A Tale of Five Balloons
- Author: Miriam Roth
- Illustrator: Ora Ayal
- Language: Hebrew
- Genre: Children's literature
- Published: 1974
- Publisher: Poalim Library
- Pages: 32

= A Tale of Five Balloons =

A Tale of Five Balloons (Hebrew: מעשה בחמישה בלונים, Ma'ase b'Khamisha Balonim) is an Israeli children's book by Miriam Roth published in 1974 and illustrated by Ora Ayal. The book has become a classic of Israeli children's literature.

==Plot==
The book is about five children each of whom get a balloon from Ruti's mother — a blue balloon for Ruti, yellow for Ron, purple for Sigalit, green for Uri and red for Alon. During the book, all the children's balloons burst, with the exception of Alon's, which the wind blew out of the children's reach. The children look at the balloon and shout "Bye, bye, red balloon!".

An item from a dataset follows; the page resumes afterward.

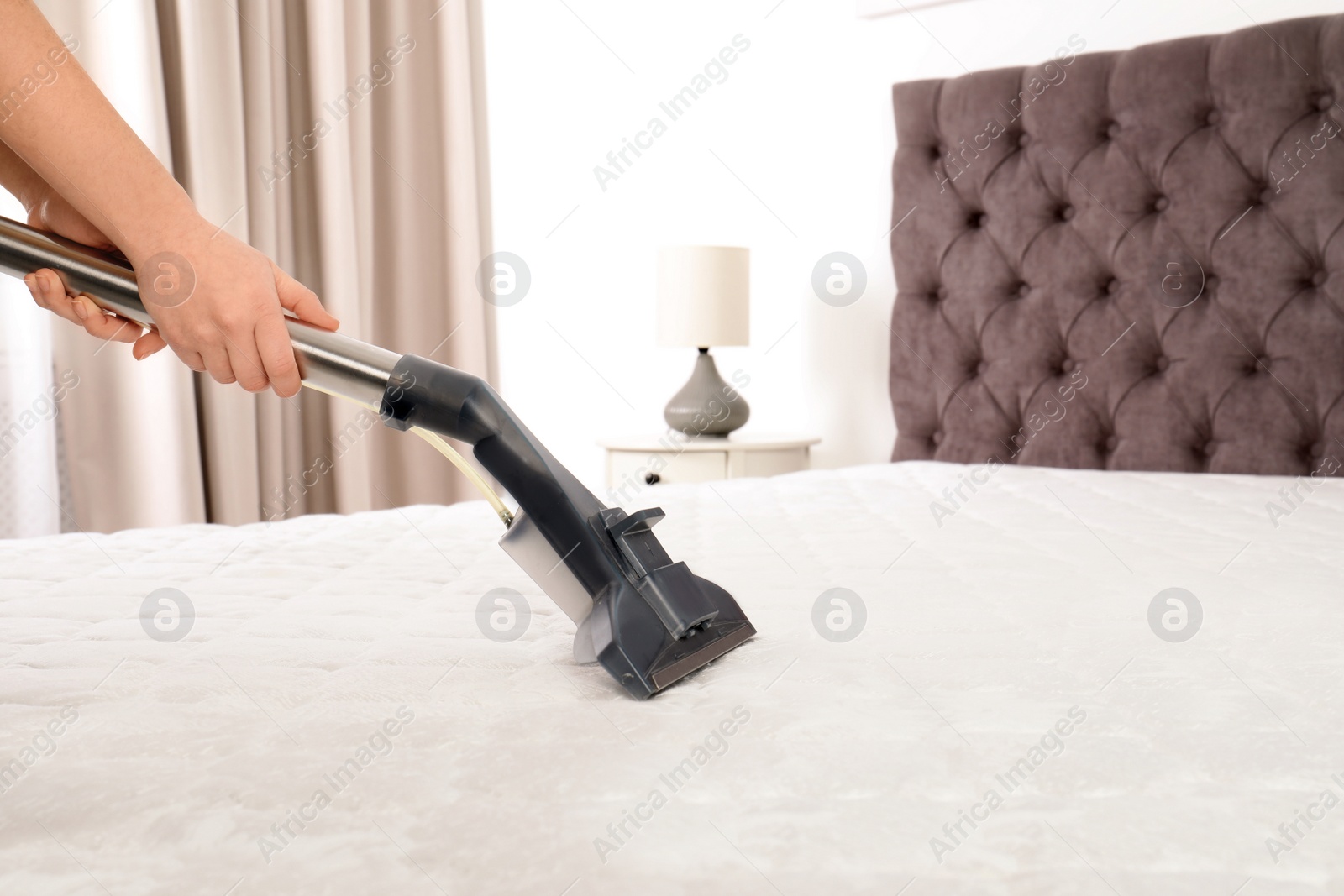 Photo of Woman disinfecting mattress with vacuum cleaner, closeup. Space for text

Whenever one of the balloons bursts, the children are comforted and told "that's how all balloons end up". Each balloon had burst for the following different reasons:

- Uri's balloon burst due to contact with a rose bush while Uri was playing with it like a ball.
- Ron's balloon burst after his father over-inflated it since Ron wanted it to be "as big as the Sun".
- Sigalit's balloon burst after being scratched by Mitzi, Sigalit's cat.
- Ruti's balloon burst after she hugged it tightly.